Appunti, note, considerazioni appena accennate, commenti, riflessioni autocritiche, frammenti clinici, abbozzi di elaborazioni teoriche: quel che Borso presenta è un materiale che ha il pregio di rendere visibile lo sviluppo di un pensiero che, per avanzare, non teme di entrare in contraddizione con se stesso, né di fare i conti e prendere le distanze da posizioni ritenute superate.
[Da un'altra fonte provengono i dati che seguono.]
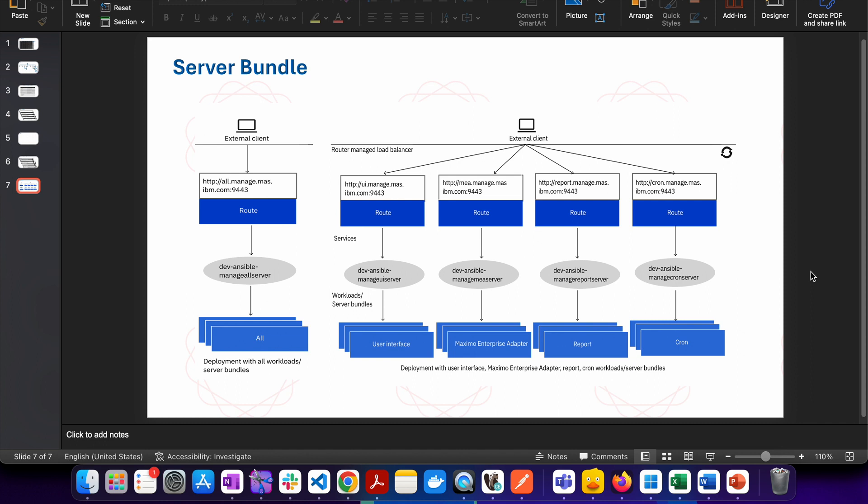If you do not have a complex system, if you do not have too much workload, then you can also have a single JVM and you can run all the Maximo loads, all kinds of Maximo loads and all kinds of Maximo jobs into that single JVM. So this is the exact concept which we have here in MAS but in form of server bundles.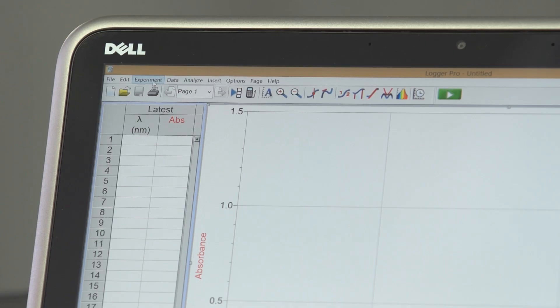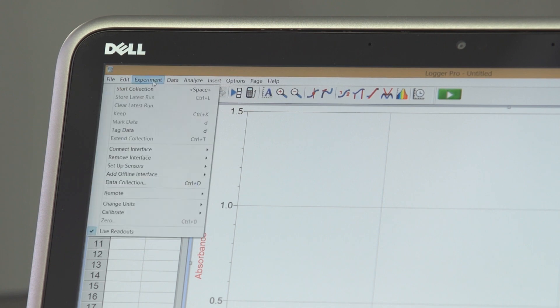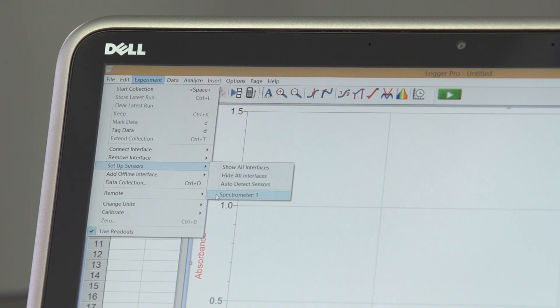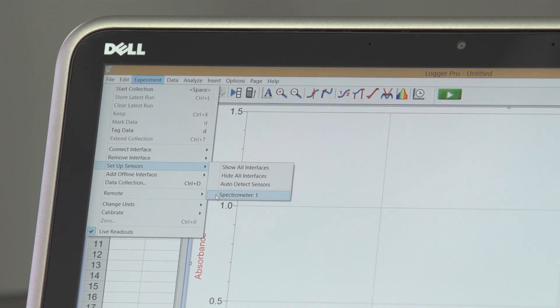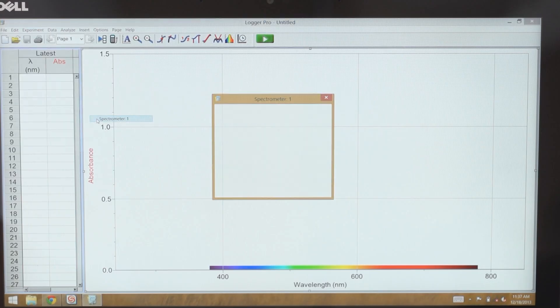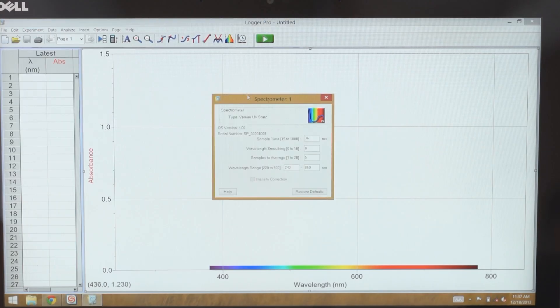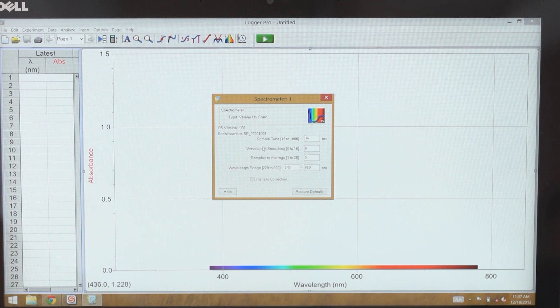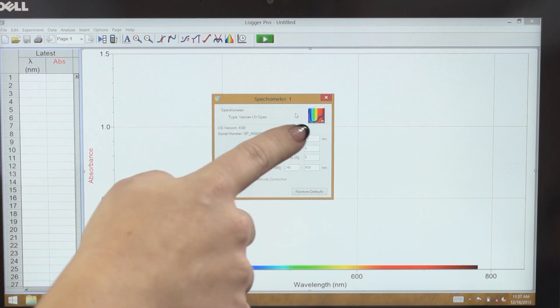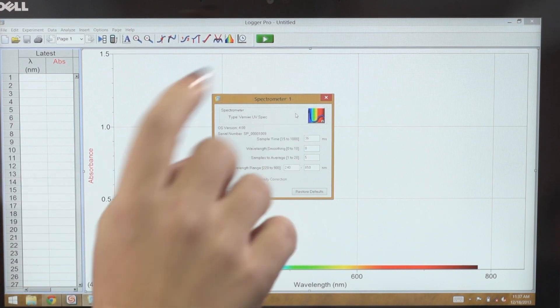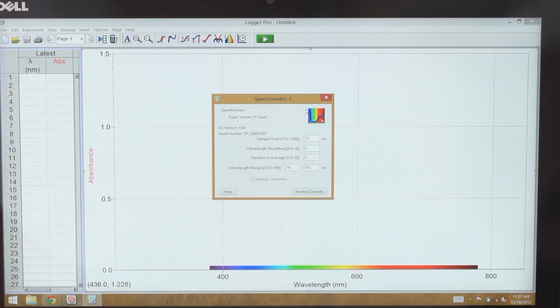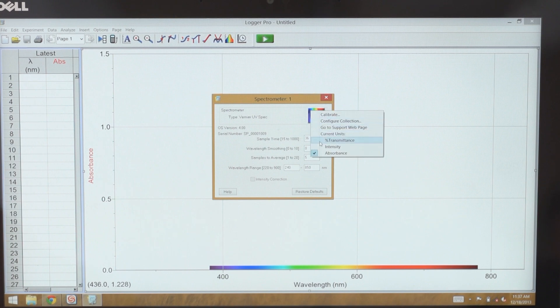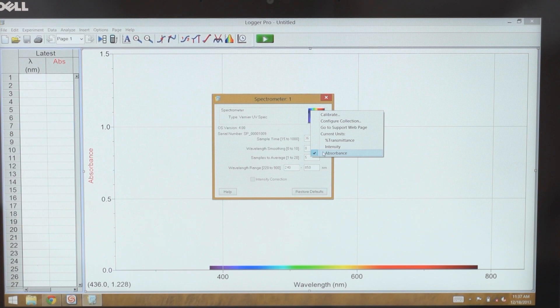To switch between the different modes, you'll want to select from the Experiment menu, Setup Sensors, Spectrometer 1. This brings up the Spectrometer dialog box. Here you'll want to select the rainbow icon to select between the different modes: percent transmission, intensity, and absorbance.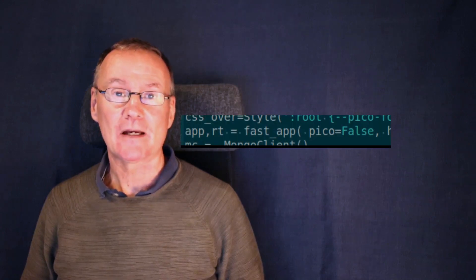First we need to tell FastApplication that we don't want it to set up Pico CSS at all. And we do that by setting the argument Pico equals false. But then we also need to give it another CSS source.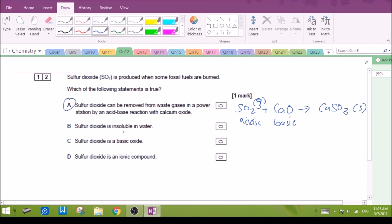Looking at the other wrong options: B says sulfur dioxide is insoluble in water — incorrect, as it is slightly soluble, which is how it contributes to acid rain by forming sulfurous acid. C says sulfur dioxide is a basic oxide — incorrect, it is an acidic oxide. D says sulfur dioxide is an ionic compound — also incorrect, as it is a simple covalent compound.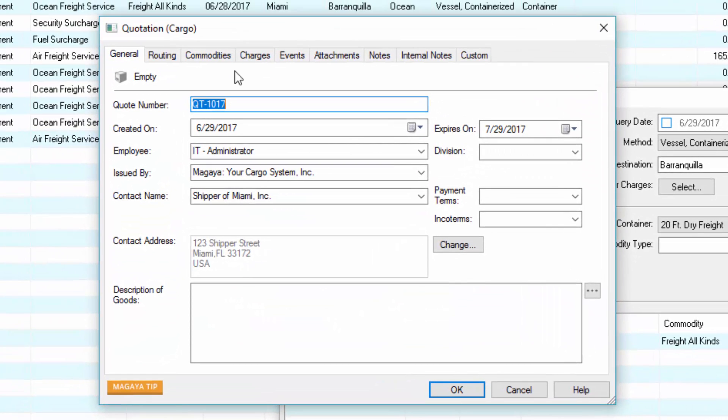The quotation dialog box opens with all the rate query information filled in automatically. This is the beauty of using the preset rates to create quotes. If you were creating a quote manually, this is the first screen you'd see and you would fill in the fields on the tabs.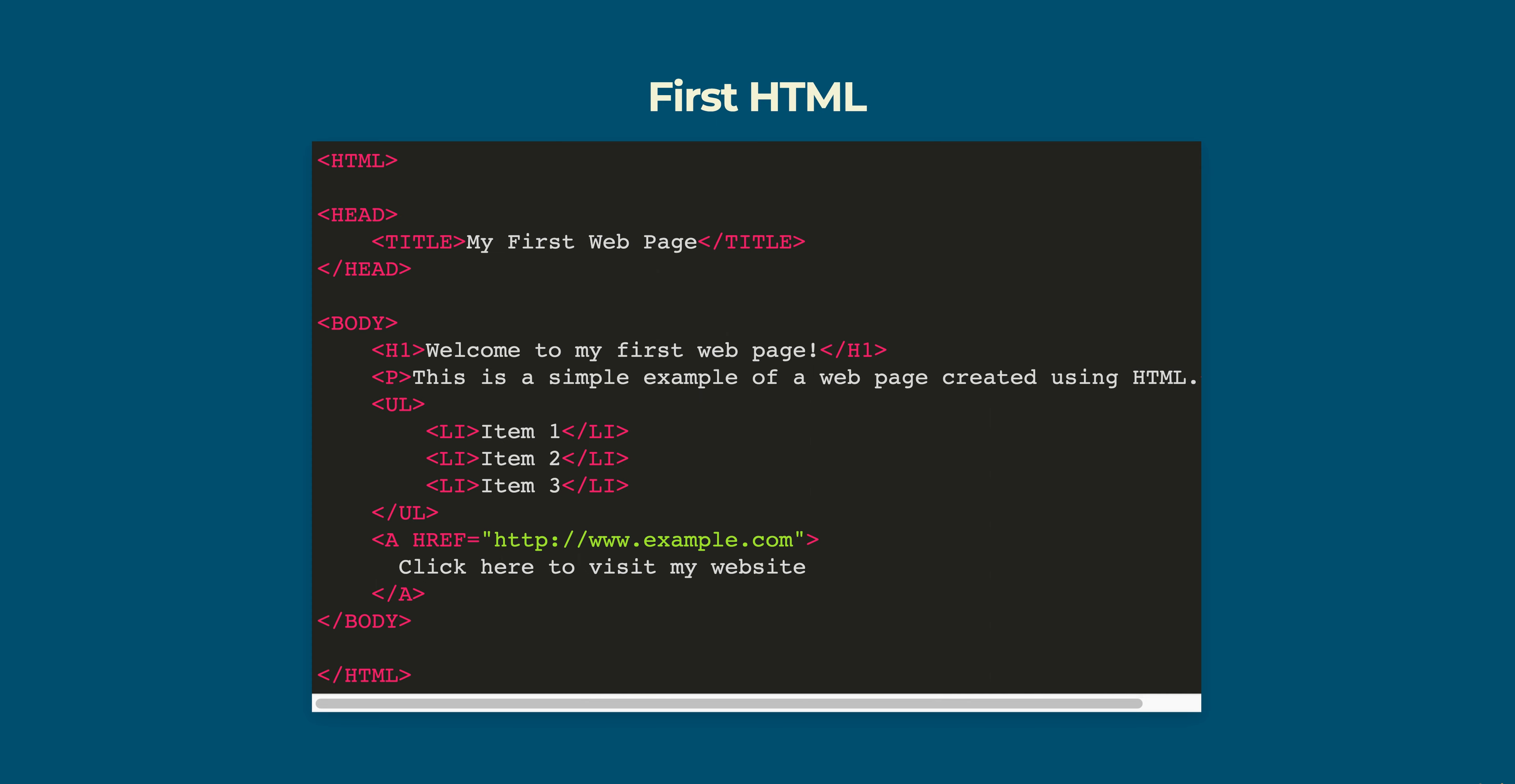This code creates a simple web page that contains a title, a heading, a paragraph and an unordered list.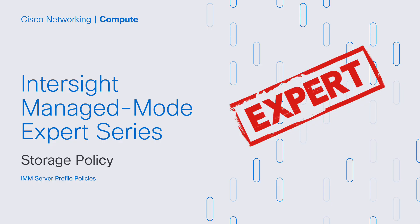Okay, that concludes our Intersight Managed Mode Expert Series video about storage policies, IMM server policies. I hope you were able to pick up a few tips here to help you craft your policies correctly. Stay tuned for more Intersight Managed Mode Expert Series videos. Thank you.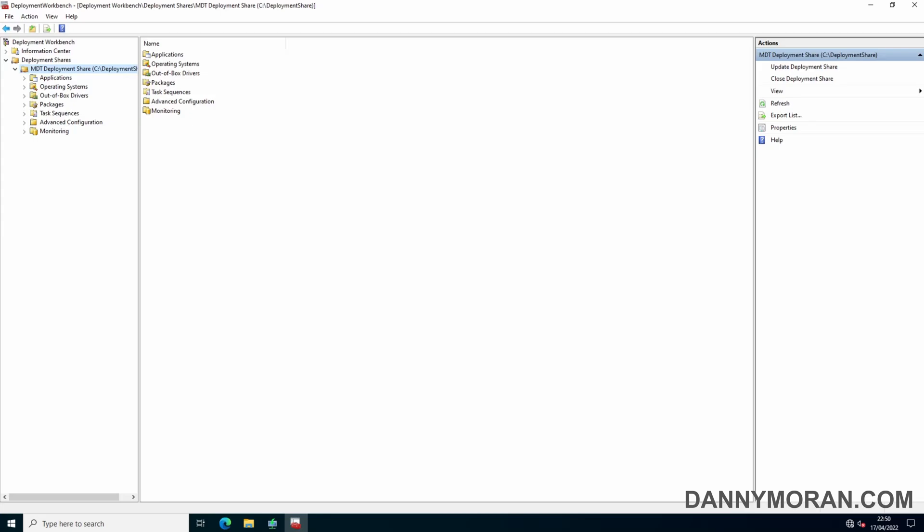I'm going to go over the process of using Microsoft Deployment Toolkit to sysprep and capture a customized Windows 11 Pro reference image. To start, I've got a working deployment share which I created in the previous video, linked in the description, which shows you how to set up Windows Deployment Services and Microsoft Deployment Toolkit to deploy a Windows 11 image over the network.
Esercizi di psicanalisi, infatti, consente al lettore di entrare nel laboratorio concettuale di Fachinelli e vederlo misurarsi in un vero e proprio corpo a corpo con questioni teoriche e autori di varie discipline.

Sul versante psicoanalitico, Sigmund Freud e Jacques Lacan sembrano impegnarlo in un confronto stringente del quale Fachinelli approfitta per ribadire alcuni dei temi a lui più cari: l’importanza «dell’esperienza dei fenomeni di ripetizione nella vita degli individui», ad esempio, l’insistenza, cioè, di quel fattore soggettivo che spinge verso il «peggio» e che, al contrario di quanto una parte della psicologia (contaminata da aspirazioni sociologizzanti) a quell’epoca sosteneva, costituisce il tratto specifico della psicoanalisi; ma anche la centralità della «lingua del corpo», ossia di quel «quinto privilegio dell’inconscio» del quale Fachinelli, nella straordinaria conversazione registrata con Lacan, rivendica un ruolo determinante nell’economia psichica; o ancora, il problema del denaro, tanto come oggetto libidico metonimicamente correlato ai primi oggetti pulsionali del bambino, quanto come oggetto di scambio denso di significazioni che circola all’interno della relazione analitica.

Notevoli le originali riflessioni sul meccanismo difensivo della negazione e di annullamento nella nevrosi ossessiva, quelle sul problema della formazione degli analisti e del rischio che l’aumento del numero di studenti di psicologia e il loro ingresso nei servizi porti alla costituzione di un «sistema genitoriale accessorio»; e infine, la critica alle istituzioni psicoanalitiche e alla loro progressiva trasformazione in vere e proprie «corporazioni», sempre più simili a «sistemi religiosi totemici».

Ma è soprattutto nel confronto con autori di altri settori e con questioni di attualità (ma non solo) che emerge lo spessore intellettuale di Fachinelli, che non mostra la minima ambizione di ricorrere agli strumenti della propria «disciplina» per «disciplinare» i vari saperi (politico, letterario, artistico, culturale in genere).
Quando scrive della morte di Pasolini e del dibattito culturale che ne è seguito, o risponde all’articolo di Jemolo sugli omosessuali, o commenta la coraggiosa decisione di Sartre di pubblicare sulla rivista Les Temps Modernes il discusso Dialogo psicoanalitico di J.-J. Abrahams, o riflette sul rigetto infantile delle spiegazioni «scientifiche» su come nascono i bambini, o stronca il libro della dottoressa Phillips, o studia il testo di Walter Benjamin Programma per un teatro proletario di bambini: insomma, ogni qual volta si interessa a un tema non clinico e non metapsicologico, la sua attitudine di fondo non rivela mai l’intento di insegnare alcunché, e la sua postura è segnata dal desiderio di comprendere più che dalla presunzione di spiegare. Nessun cedimento in senso educativo, dunque, ma solo l’esercizio – per l’appunto – della capacità di porsi gli interrogativi giusti: qualcosa di cui oggi sentiamo disperatamente il bisogno.